*** INFORMATION GIVEN ***

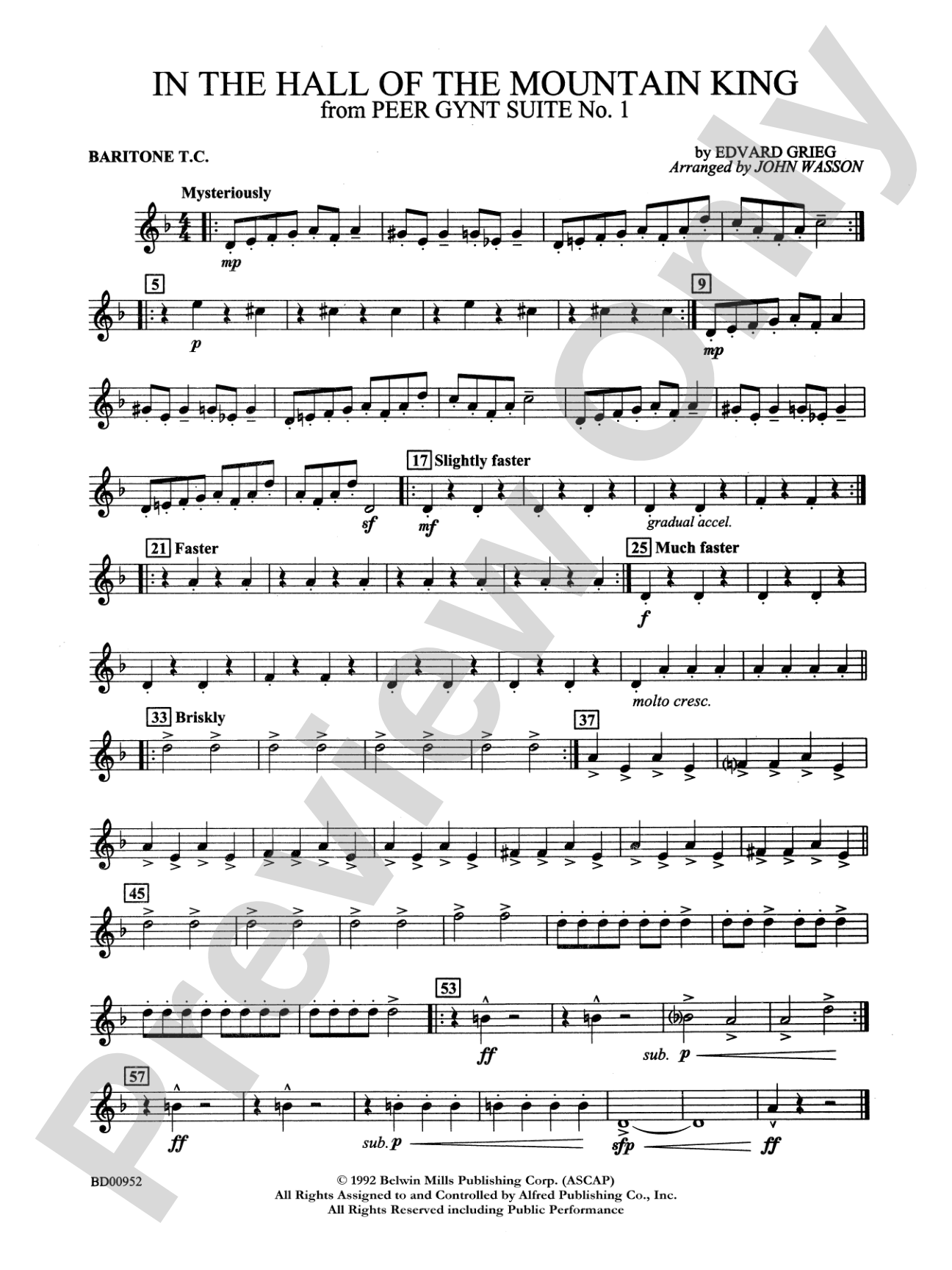 In the Hall of the Mountain King (from Peer Gynt Suite No. 1): Baritone T.C.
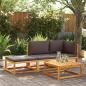 Preview: Gartensofa mit Kissen 2-Sitzer Massivholz Akazie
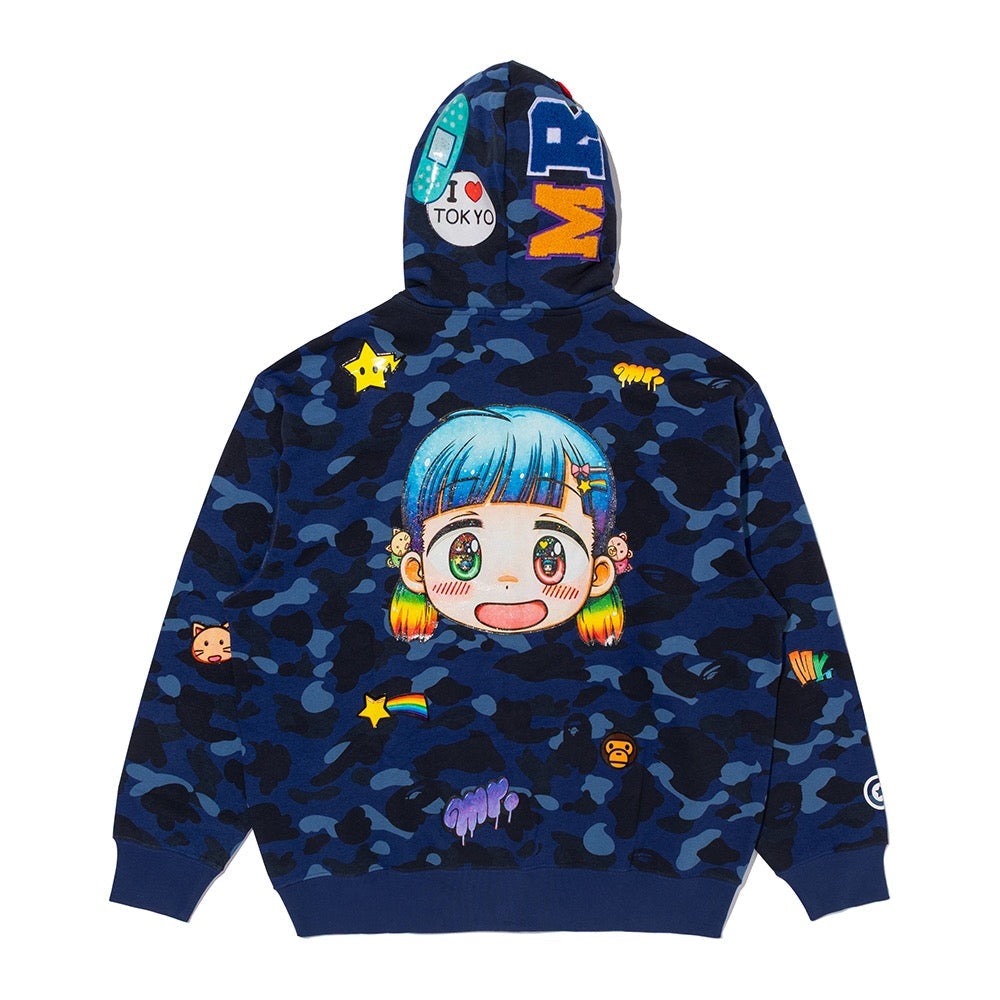 BAPE X MR. 컬러 카모 릴렉스드 핏 풀 집 후드(M) NAVY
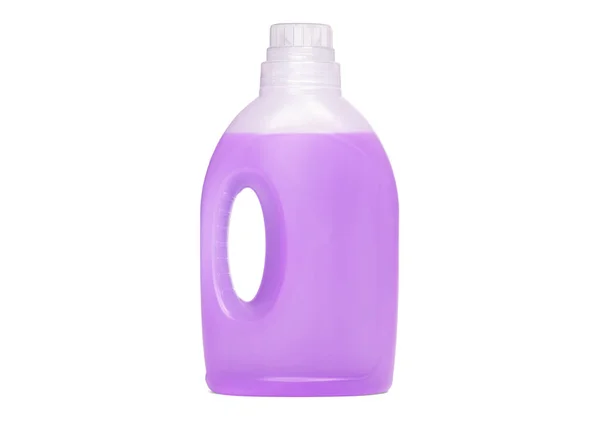 Bottiglia Detergente Sapone Liquido Viola Tessuti Isolato Bianco — Foto Stock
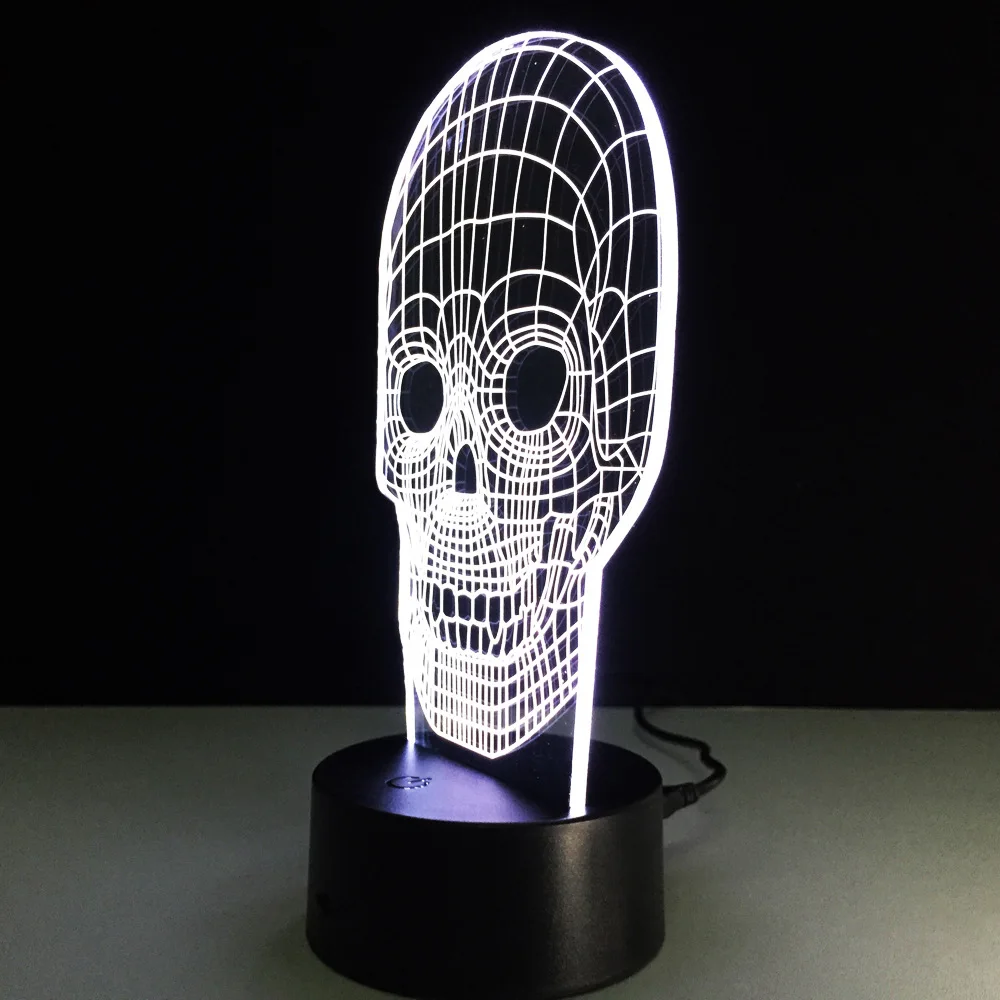 3D иллюзия череп лампа красочный Акриловый СВЕТОДИОДНЫЙ Ночник светильник Micro Usb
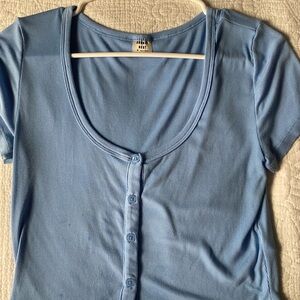 Sunday Best Light Blue Cropped Shirt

*** End of INFORMATION GIVEN ***

ABOUT THIS EXERCISE: Every record above must reappear exactly in the answer, minus its pictures.

EXPECTED ANSWER:
 In the Hall of the Mountain King (from Peer Gynt Suite No. 1): Baritone T.C.
 Preview: Gartensofa mit Kissen 2-Sitzer Massivholz Akazie
 BAPE X MR. 컬러 카모 릴렉스드 핏 풀 집 후드(M) NAVY
 Bottiglia Detergente Sapone Liquido Viola Tessuti Isolato Bianco — Foto Stock
 3D иллюзия череп лампа красочный Акриловый СВЕТОДИОДНЫЙ Ночник светильник Micro Usb
 Sunday Best Light Blue Cropped Shirt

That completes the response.